We concluded  in our own heart  that in fact, he saw badly at night, and that the practice of the freeway was for him so new that he still did not get used to going so fast, in his yet modern Mazda of the fleet of a company local tourism.

In calm traffic, our friend's average speed on these roads was such  that we weren't even taking a risk when he let go of the steering wheel to join his two hands in prayer, crossing  a  Buddhist altar.

Sometimes with our agreement he would stop to go  make a very modest offering or make a devotion of a few minutes.

On the other hand, on the highway, all new (E01 opened in 2014 between Colombo and Matara) and which offers  2 lanes on each side,  our patience was strained.

For a speed limited to 100 km / h, very carefully it never exceeded  80 km / h, oscillating like a breath between 75 and 85  ; except one evening when, in a hurry to get back to the hotel before the restaurant closed at 10pm, we ordered him to speed up;  there, record broken, we came close to 95 km / h !!!

notre vénérable chauffeur au Sri Lanka

But the worst is his second phobia, driving on the highway.

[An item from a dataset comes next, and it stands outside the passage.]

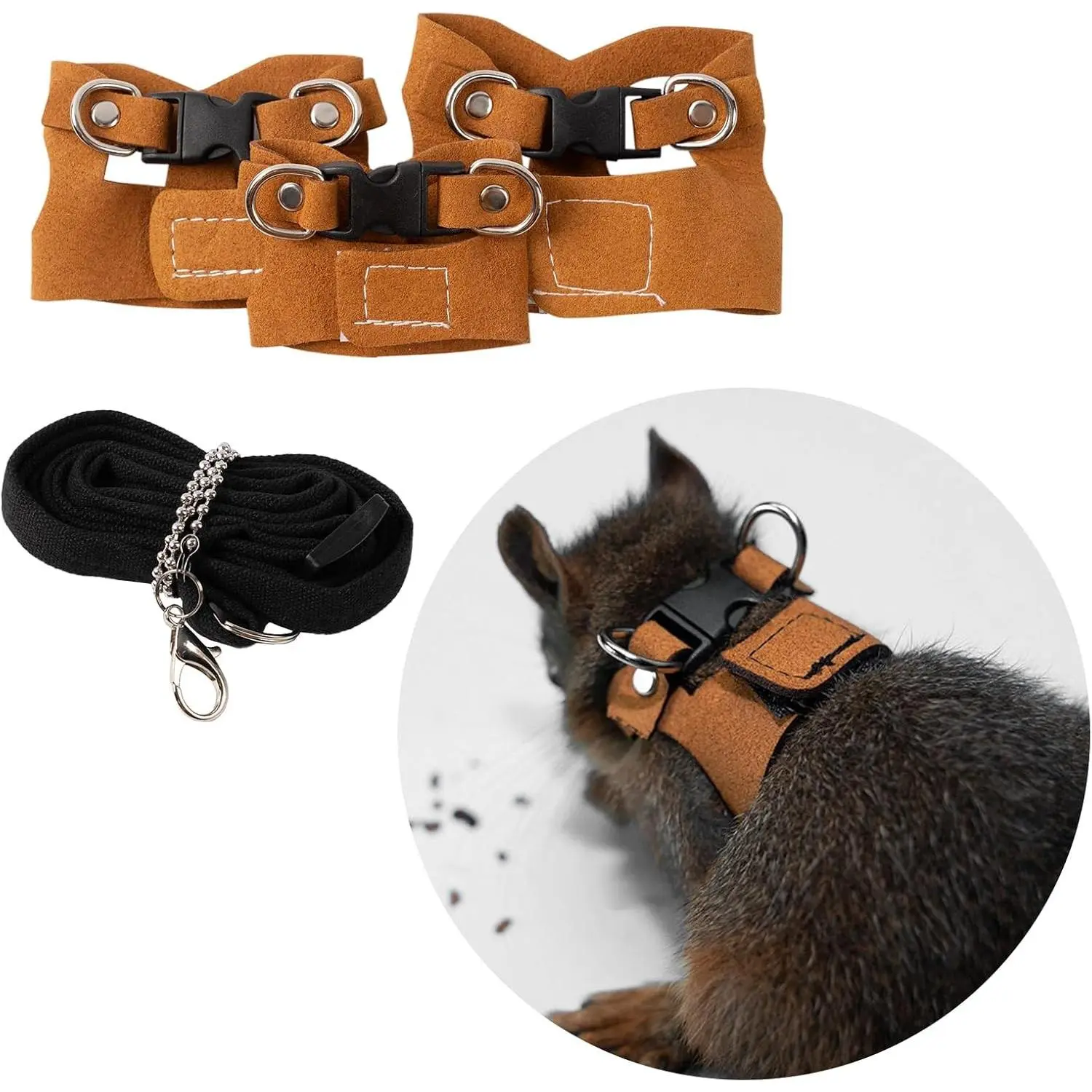 3Pcs Vest-Style Adjustable Rat Harness & Leash Set Pack - 3 Piece Sets for Small Animal Walking Training, Ideal for Squirrel, Gerbil, Chinchilla (Brown)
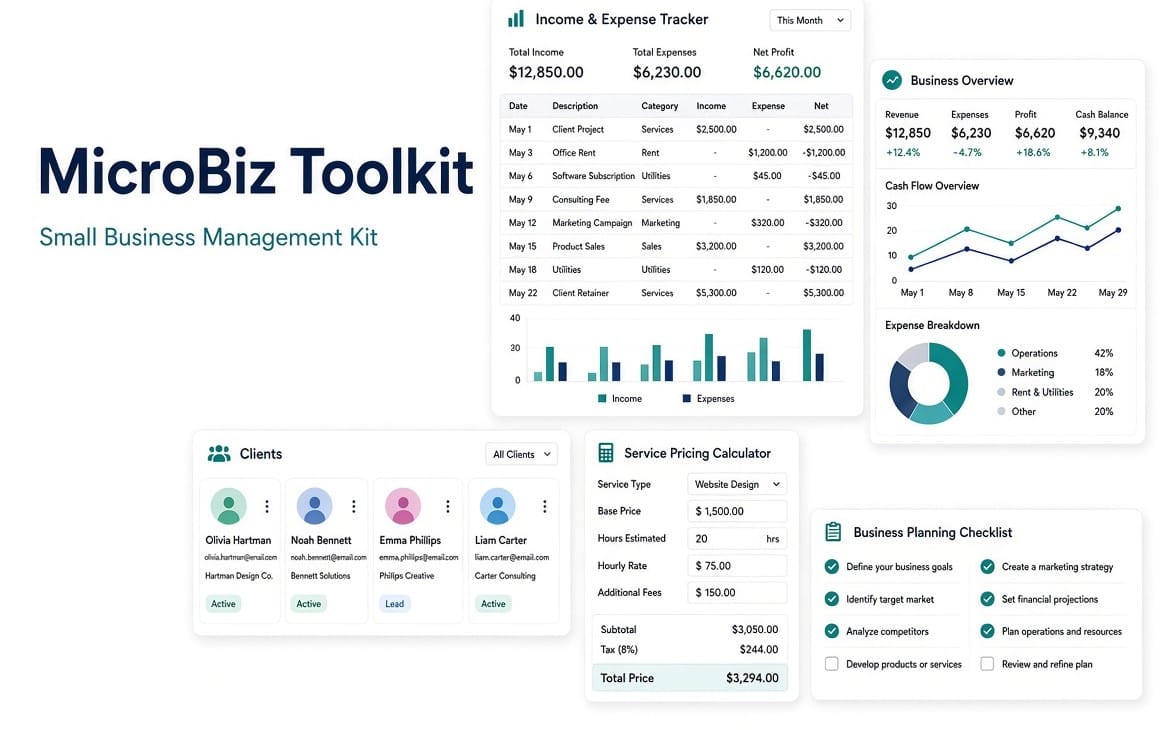 Manage your small business smarter. Discover practical tools, templates, and resources to organize your business, manage customers, track expenses, and boost productivity — all in one toolkit.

On the right lane (let us remember, the slow lane here is the left lane), he began by moving slowly to the level of the right rear of the vehicle to be overtaken; with all the more care as it was bulky.

Then he tried to fit in  in what seemed to him a  goulet, a  funnel between the central slide and the right edge of the machine to be passed.

For long minutes, he tried laboriously to initiate the doubling. Tempt is the word, he hesitated so much on several occasions.

Then finally, after a few successful attempts,  deliverance came, after a longer time  that his speed exceeded  barely that of the vehicle to be overtaken ...

Until the ordeal of the next doubling.

In the inevitably nocturnal part of the journey, he positioned himself comfortably on horseback between the two lanes, or far enough off the slow lane (the one on the left). There, he suffered without flinching the  calls of headlights and untimely blasts of horns from the drivers ... normal, touched by certain buses or heavy goods vehicles whose wake so close made our car wobble  in the  doubling sharply.

The use of low beams seemed to him just as unknown: always or almost full headlights.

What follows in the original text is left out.